A placa de “Parada Obrigatória” (R-1) é, sem dúvida, a que mais gera multas por excesso de confiança. Diferente da placa de “Dê a Preferência”, a sinalização de “Pare” exige que o veículo imobilize as rodas totalmente, mesmo que não haja outros carros cruzando a via. Portanto, apenas reduzir a velocidade não cumpre a exigência legal e configura uma infração gravíssima.
Além disso, a placa de “Proibido Estacionar” (R-6a) causa confusão frequente. Muitos motoristas acreditam que ligar o pisca-alerta por “apenas um minuto” os isenta da penalidade. Contudo, o Código de Trânsito Brasileiro (CTB) diferencia parada (tempo estritamente necessário para embarque e desembarque) de estacionamento, o que resulta em multa e pontos na carteira.
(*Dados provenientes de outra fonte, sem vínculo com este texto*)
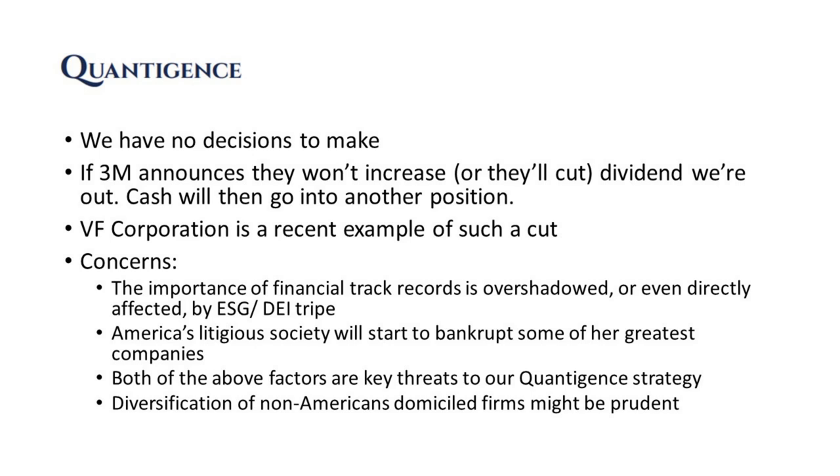We have broader concerns here. The importance of financial track records at companies is starting to become overshadowed by ESG and DEI. America's litigious society could start bankrupting some of her greatest companies if judges don't use common sense to see what's happening with these lawsuits threatening innovative companies like 3M. Both factors — the ESG/DEI push and America's litigious society — are threats to our strategy, which is why we're looking at diversifying into non-American domiciled firms. Paying subscribers have asked us to expand into markets like the UK or Europe, and we're looking at doing that.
Veja alguns detalhes na tabela a seguir:
| Placa de Sinalização | Tipo de Infração | Pontos na CNH |
| Parada Obrigatória (R-1) | Gravíssima | 7 Pontos |
| Proibido Estacionar (R-6a) | Média | 4 Pontos |
| Proibido Retornar (R-5a) | Gravíssima | 7 Pontos |
Guia prático revela como entender corretamente as placas de trânsito para evitar multas elevadas, perda de pontos na CNH e problemas em fiscalizações
As placas de “Movimentação Restrita” ou “Circulação Exclusiva de Ônibus” representam armadilhas comuns em grandes centros urbanos. Frequentemente, o condutor entra nessas faixas para realizar uma conversão à direita, mas permanece no corredor por mais tempo do que o permitido. Desse modo, os radares de faixa exclusiva registram a infração automaticamente, gerando uma multa pesada.
A seguir, veja os sinais de alerta que você deve observar para evitar punições:
Atualmente, o uso de câmeras inteligentes permite que agentes de trânsito multem à distância, sem a necessidade de abordagem física. Consequentemente, aquela placa de “Proibido Conversão à Esquerda” que parece inofensiva em uma rua deserta pode estar sob a mira de uma central de controle. Assim, a sensação de impunidade desaparece diante da tecnologia de monitoramento urbano.
Além disso, o CTB prevê que o desrespeito às placas de regulamentação pode levar à retenção do veículo em casos específicos. Portanto, a placa não serve apenas como orientação, mas como uma ordem direta do sistema de trânsito para garantir a segurança coletiva.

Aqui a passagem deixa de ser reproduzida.